Developers still need to limit the scope of models they can consider for their application. The greatest simplification comes by focusing on base models created by a trusted authority. The research labs raising the bar in open science create the base models everyone else relies on and compares against.

However, many practitioners find they can improve the performance of these top-tier models by curating better, more specialized data for additional fine-tuning. This emerging best practice is apparent in most AI whitepapers as teams demonstrate a new state-of-the-art in a specific domain. Researchers highlight a comparison featuring the most domain-relevant metrics and models across parameter sizes.

Top of this pyramid, the "Real-World Data," is where you will can chase the 9s in performance of your FM

Your bot, your environment, your camera, your lighting will all be a little different than mine

Are you gonna leave that on the table?
Cuz I'll eat it 🤖 LUNCHTIME! pic.twitter.com/q4sW7fk2ku
— Smells Like ML (@smellslikeml) March 18, 2025

The emergence of more fine-grained benchmarks and even custom evaluations using LLMs and synthetic data have made it cheap and easy to assess your models. Therefore, practitioners are left to decide which skills and capabilities are essential to the user experience of their AI app.

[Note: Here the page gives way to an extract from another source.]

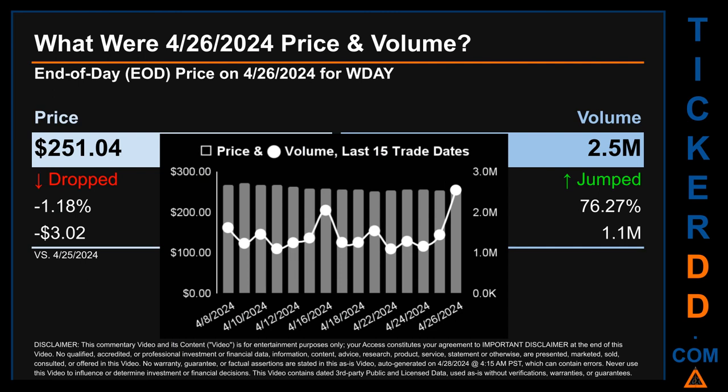The graph shows price and volume for the last 15 trade dates. Across a range of $20.06, the max and minimum end-of-day price were respectively $271.10 and $251.04. Volume saw a range of 1.5 million, from a day low of 1.1 million to a day high of 2.5 million.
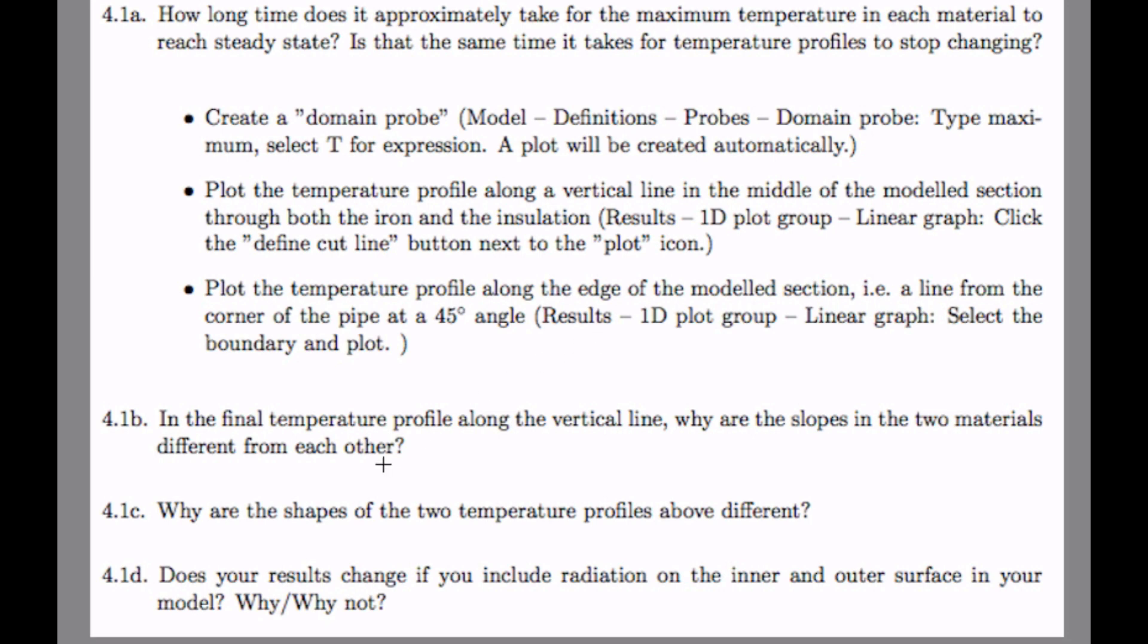And for 1b, in the final temperature profile along the vertical line, why are the slopes in the two materials different from each other? And for 1c, why are the shapes of the two temperature profiles above different?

You could evaluate your model using an evaluation harness that includes all the tasks, but you'll run a greater risk of false positives when you don't establish clear criteria before reviewing the evaluation results. These are manifestations of the curse of dimensionality and content overload in the space of possible AI engineering experiments. Like the "multiple testing problem" with enough metrics, your model is likely an extreme case for some benchmark.

Even when an LLM scores well on benchmark testing skills and capabilities you value for your application, offline metrics like these are unreliable predictors for metrics you want to optimize related to user engagement and business value. However, offline evaluations can help reduce the search space and experiment more cheaply. Online evaluation with A/B testing takes time and carries the risks of showing your users a feature that you'll decide not to ship.

Engineers may prefer to see candidate AI models that dominate across various metrics. Robust performance like this is especially noteworthy when the skills assessed are unrelated. In this scenario, one can be confident that the treatment represents a real improvement over a baseline and is ready for review by real users.

The best way to know how users will respond to your new AI app update is to deploy the proposed feature and compare it against the current production version using a randomized controlled experiment. A/B tests are the gold-standard evaluation for your software updates, and testing changes to the underlying foundation models that power your AI app are no exception. Ramping up to that launch, you prune the less promising candidate treatments using data gathered with offline evaluations before your experiment.

Most "great ideas" in software engineering cannot be associated with a measurable improvement in business metrics or user satisfaction. The cost of adding a feature that you can't justify with a successful A/B test is the continued maintenance for something that may not matter. Even worse, your AI program could be steered off course for long after institutionalizing bad intel.

Generative AI has compressed the knowledge of the entire internet into LLM weights. Thus, open weights have commodified both model and data. AI product defensibility lies in curating your knowledge to combine these resources to create the most differentiated and delightful experience for your users. It's about discovering the methods and strategies that transcend today's technical minutiae to deliver enduring value.

Unfortunately, there is no silver bullet for AI engineering. No single benchmark will help you align AI with your users. You can start with a clear definition for your north-star metrics, instrument your AI application, and invest in reducing your experiment iteration time so you can converge on the knowledge it takes to optimize your AI. You can collaborate for consensus around the next great experiment and socialize the findings to foster a culture of continuous experimentation in AI engineering.